Claude Code discovers skills in two locations:

  • ~/.claude/skills/<skill_name>/SKILL.mduser-level, available in every project
  • <repo>/.claude/skills/<skill_name>/SKILL.mdproject-level, scoped to one repo

Three ways to install this skill:

Option 1 — Symlink from a clone (recommended)

Keeps the skill version-controlled and easy to update; edits in the clone are picked up instantly.

# Clone somewhere stable
git clone git@github.com:DongyunZou/ncu-report-skill.git ~/workspace/ncu-report-skill

# User-level install: make the skill available in every project
mkdir -p ~/.claude/skills
ln -s ~/workspace/ncu-report-skill ~/.claude/skills/ncu-report-skill

# Or project-level install: scope to one repo
cd /path/to/other-repo
mkdir -p .claude/skills
ln -s ~/workspace/ncu-report-skill .claude/skills/ncu-report-skill

Pull updates with cd ~/workspace/ncu-report-skill && git pull. The symlinks pick up the new content automatically.

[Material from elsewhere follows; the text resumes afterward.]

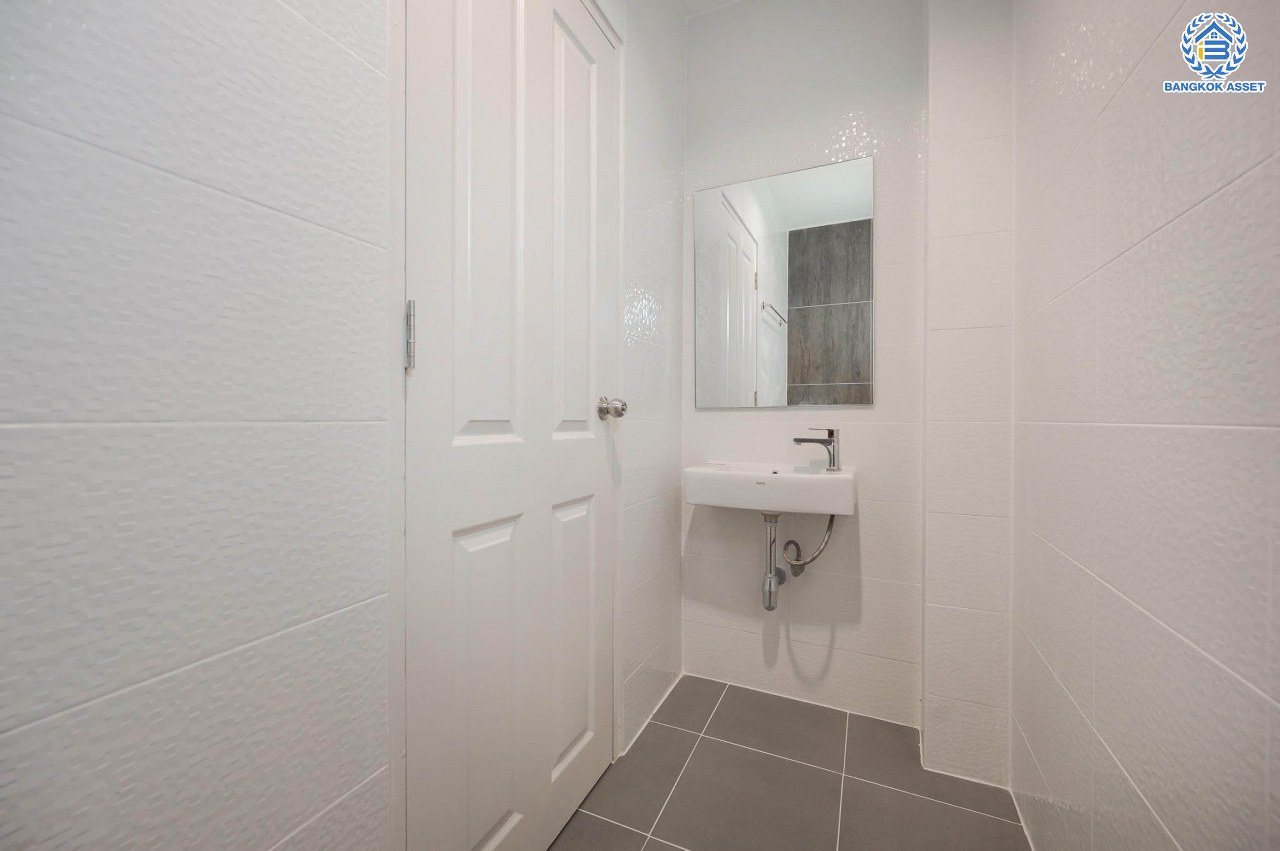 บ้านมือสองตกแต่งใหม่ โครงการ มณธานี บางแค บ้านเดี่ยว 3 ชั้น ดีไซน์หรูหรา เนื้อที่กว้าง 56.40 ตร.ว. พื้นที่ใช้สอย 240 ตร.ม. ฟังก์ชัน 5 ห้องนอน 4 ห้องน้ำ 2 ที่จอดรถ ฟังก์ชันครบตอบทุกไลฟ์สไตล์ บนทำเลศักยภาพ เชื่อมต่อถนนกาญจนาภิเษก ใกล้เดอะมอลล์บางแค ใกล้รถไฟฟ้าสายสีน้ำเงิน "สถานีหลักสอง" และจุดขึ้นทางด่วน "กาญจนาภิเษก"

Option 2 — Copy into place

If you prefer a static copy over a symlink:

git clone git@github.com:DongyunZou/ncu-report-skill.git /tmp/ncu
mkdir -p ~/.claude/skills
cp -r /tmp/ncu ~/.claude/skills/ncu-report-skill

Option 3 — Git submodule (for a project-level install committed alongside the repo)

cd /path/to/other-repo
git submodule add git@github.com:DongyunZou/ncu-report-skill.git .claude/skills/ncu-report-skill
git commit -m "Add ncu-report-skill as a submodule"

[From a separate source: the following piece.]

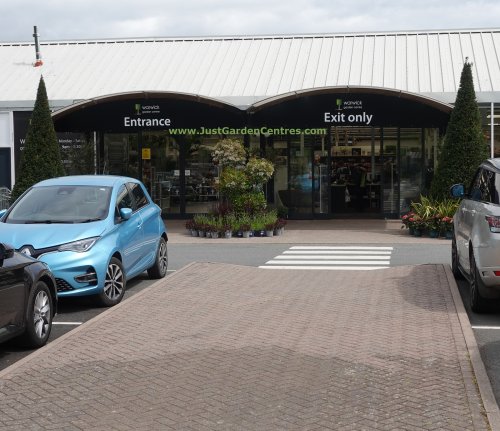 Entrance to Warwick Garden Centre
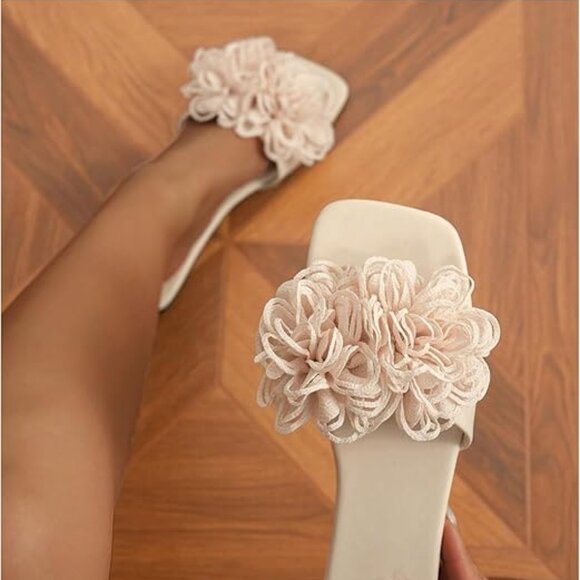 Women's 3D Floral Flat Sandals - Picture 3 of 4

How Claude uses this skill

Once installed at ~/.claude/skills/ncu-report-skill/ (or project-level), Claude Code will:

  1. Advertise the skill's name + description in the system reminder of new conversations.
  2. Let the user invoke it manually via /ncu-report-skill or let the model invoke it with the Skill tool when the conversation matches the description triggers.

When invoked, Claude reads SKILL.md, follows its workflow (phases 0 → 6 in reference/01-workflow.md), and uses the helper scripts in helpers/ as needed.

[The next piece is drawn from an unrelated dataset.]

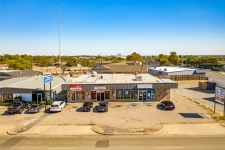 Listing Image #3 - Retail for sale at 711 Lake Air Dr, Waco TX 76710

Running the helpers directly (no Claude needed)

The Python helpers work standalone for any .ncu-rep you have:

# Make sure ncu_report is importable (the helpers try common paths automatically)
export PYTHONPATH=$PYTHONPATH:/usr/local/cuda-13.2/nsight-compute-2026.1.0/extras/python

# Create a run directory
export RUN=/path/to/your/profile/myrun

# Extract key metrics from one or more reports
python3 ~/.claude/skills/ncu-report-skill/helpers/analyze_reports.py \
    --run-dir "$RUN" \
    --report "$RUN/reports/full_<tag>.ncu-rep" --tag <tag>

# Per-line stall hotspots (requires a source-level .ncu-rep)
python3 ~/.claude/skills/ncu-report-skill/helpers/extract_stall_hotspots.py \
    --run-dir "$RUN" \
    --report "$RUN/reports/source_<tag>.ncu-rep" --tag <tag>

# ASCII PM-sampling timelines
python3 ~/.claude/skills/ncu-report-skill/helpers/plot_timeline.py \
    --run-dir "$RUN" \
    --report "$RUN/reports/full_<tag>.ncu-rep" --tag <tag>

# Browse a flashinfer-trace dataset to pick workload shapes
export FIB_DATASET_PATH=/path/to/flashinfer-trace
python3 ~/.claude/skills/ncu-report-skill/helpers/list_flashinfer_workloads.py \
    --definition <your_definition_name>

The C++ harness template + safetensors loader live under helpers/; copy them into your profile run's harness/ directory and fill in the kernel body. See reference/02-harness-guide.md for details.


Requirements

  • CUDA Toolkit with nvcc (tested with 13.2)
  • Nsight Compute CLI ncu (tested with 2026.1)
  • The ncu_report Python module (ships with Nsight Compute under extras/python/)
  • An NVIDIA GPU with permission to access performance counters (see reference/09-common-issues.md if ncu reports ERR_NVGPUCTRPERM)

The skill is optimized for B200 / sm_100 metric names, but the workflow and helpers work on any CUDA GPU Nsight Compute supports. Metric names may differ on older GPUs (A100, H100) — see reference/08-b200-metric-names.md for guidance.